Es necesario que al lado de los jóvenes se comprometan también las familias cristianas. Por eso, durante este año, la diócesis de Roma dedica gran atención a la pastoral familiar. Desgraciadamente, son numerosas las familias que tienen dificultades, pero es consolador ver cómo esta institución sigue ocupando en Roma y en Italia el primer lugar en la escala de valores. Por tanto, la familia cristiana puede y debe desempeñar un papel importante para ayudar a las familias que, por diversos motivos, atraviesan momentos difíciles. Para realizar dicha tarea, está llamada a tomar cada vez mayor conciencia de su vocación y de su misión: como Iglesia doméstica la familia es el lugar desde donde sé irradia el Evangelio. La familia que vive el Evangelio, como recordaba mi venerado predecesor el Papa Pablo VI, se convierte en evangelizadora de muchas familias y del ambiente en el que se encuentra insertada. En otras palabras, se transforma automáticamente en misionera (cf. Evangelii nuntiandi, 71).

Queridos jóvenes, queridas familias sed apóstoles de nuestra ciudad, sed sembradores de la verdad y del amor de Cristo con vuestro coherente testimonio evangélico y vuestra activa participación en la misión ciudadana.

5. El Salmo responsorial nos recuerda que «los que siembran con lágrimas cosechan entre cantares» (Sal 125, 5). Puede parecernos arduo el compromiso que Jesús nos pide, pero él nos asegura su ayuda y su apoyo.
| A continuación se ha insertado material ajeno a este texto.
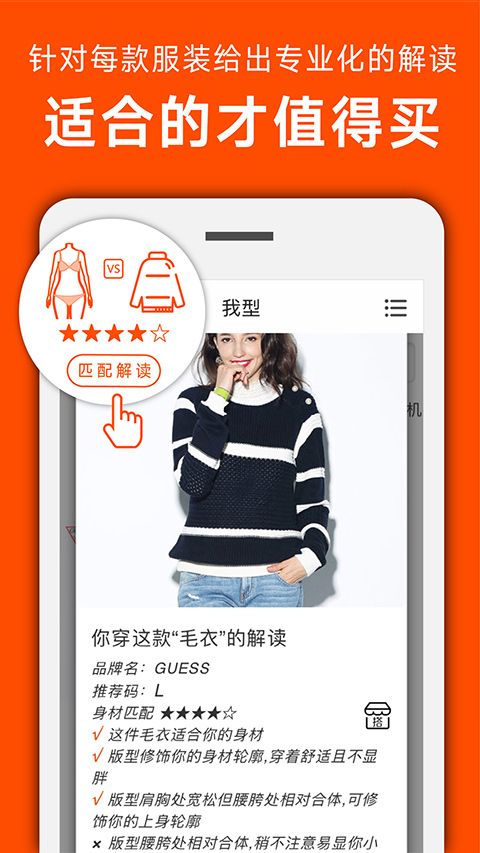 我型穿衣搭配(购物软件) v0.3.4 安卓版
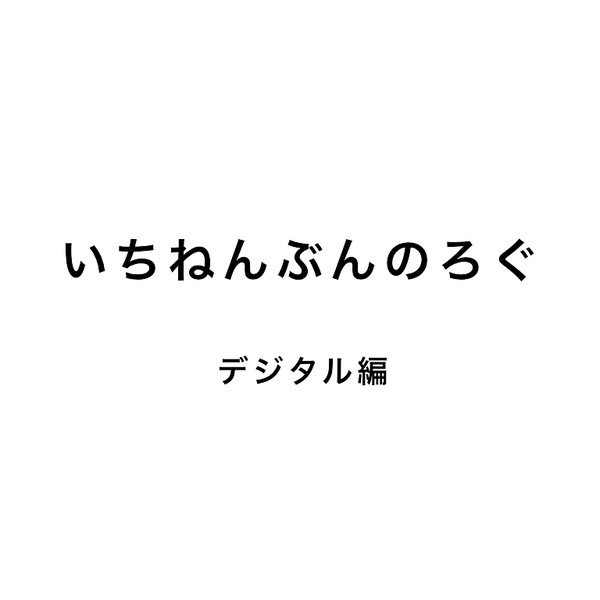 獄都ついったろぐ1年目分(デジタル編)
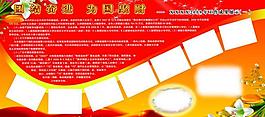 國稅 展板圖片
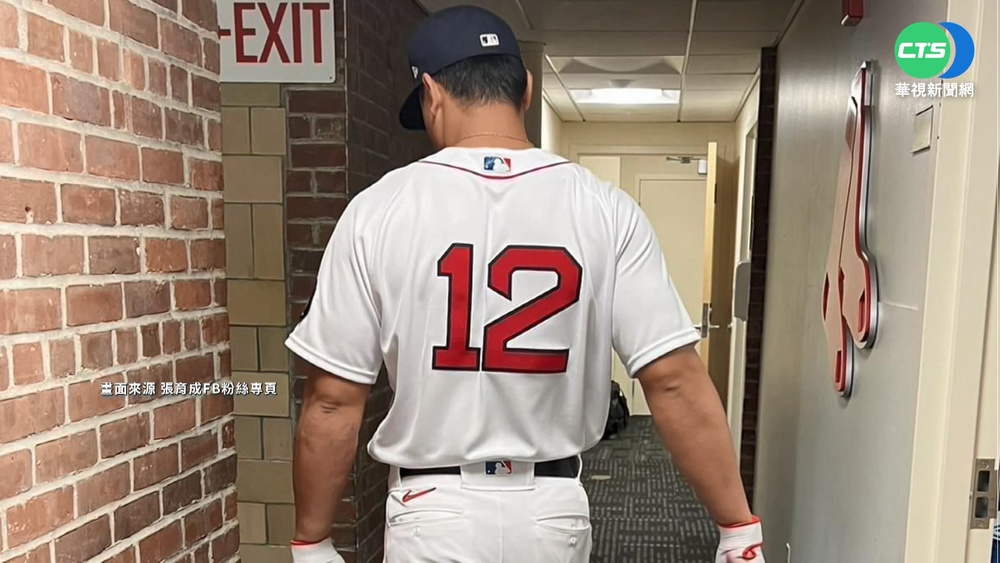張育成"報到日" 轉戰紅襪改披12號戰袍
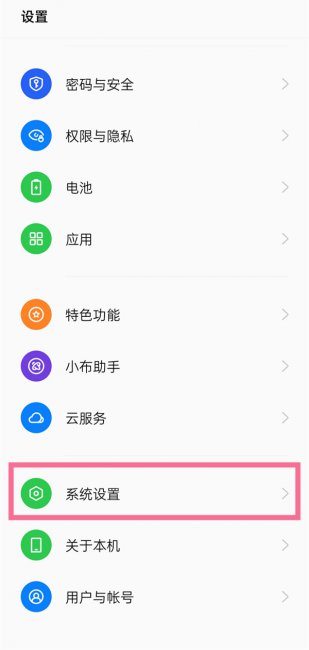 一加9怎么设置全屏手势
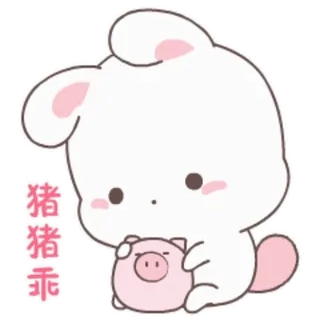 😊 猪猪乖 conejo, cerdo, lindo, sticker, animal, kawaii telegram sticker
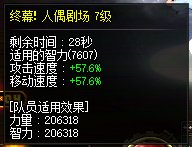 奶可千万别只看名望，115版本奶名望太虚了3
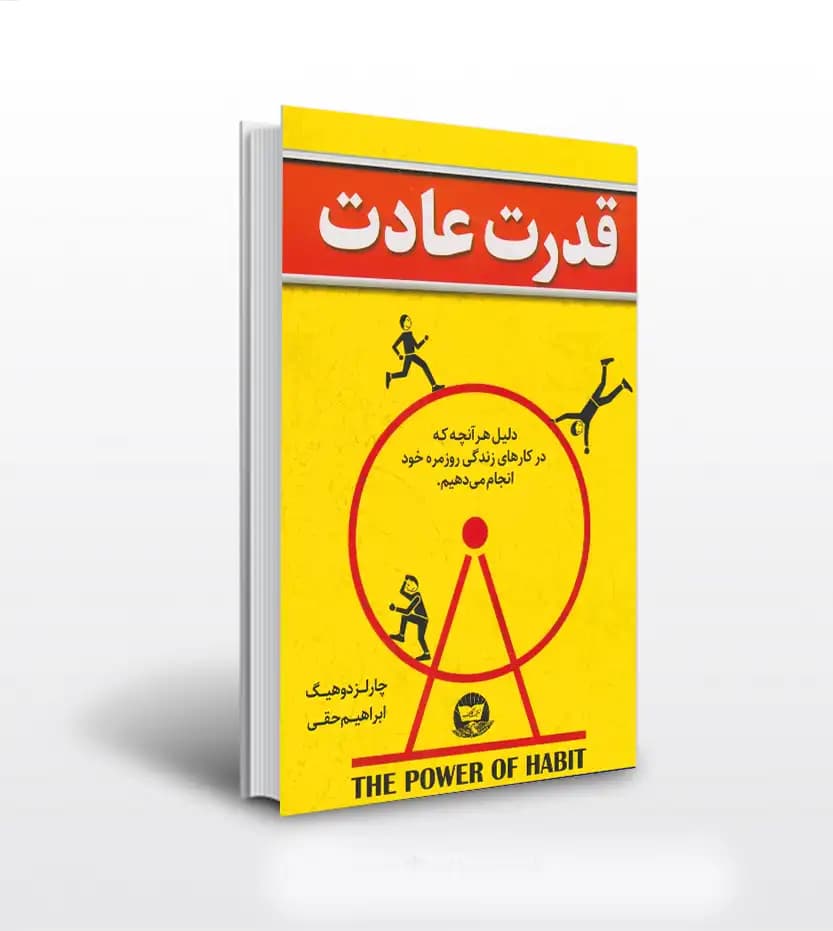 قدرت عادت اثر چارلز داهیگ | خرید با تخفیف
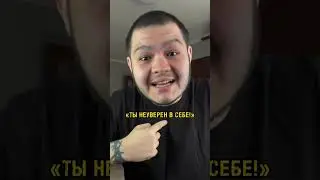 5 ФРАЗ ДЕВУШЕК… | 
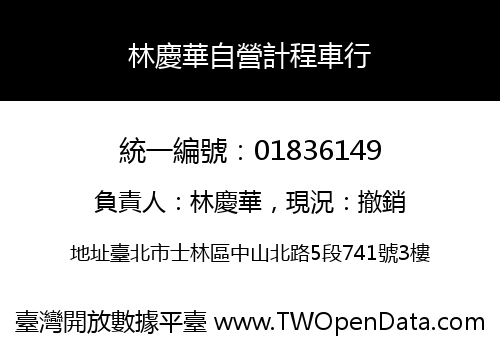 林慶華自營計程車行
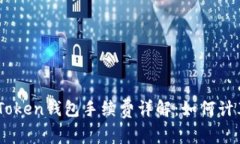 ImToken钱包手续费详解：如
Está con nosotros y actúa por nosotros.

Conscientes de su amor, podemos dirigirnos a él con confianza. Como el campesino, que después del tiempo de la siembra experimenta la alegría de la cosecha, Dios nos concederá a todos volver con júbilo, trayendo los frutos de nuestro trabajo misionero (cf. Sal 125, 6). El es Padre que colma de alegría a sus hijos.

Contemplando los dones de su gracia podemos repetir con gratitud: «El Señor ha estado grande con nosotros». Sí, el Señor no deja de realizar maravillas en favor nuestro. ¡Siempre!

Bendito sea su santo nombre, ahora y por los siglos de los siglos. Amén.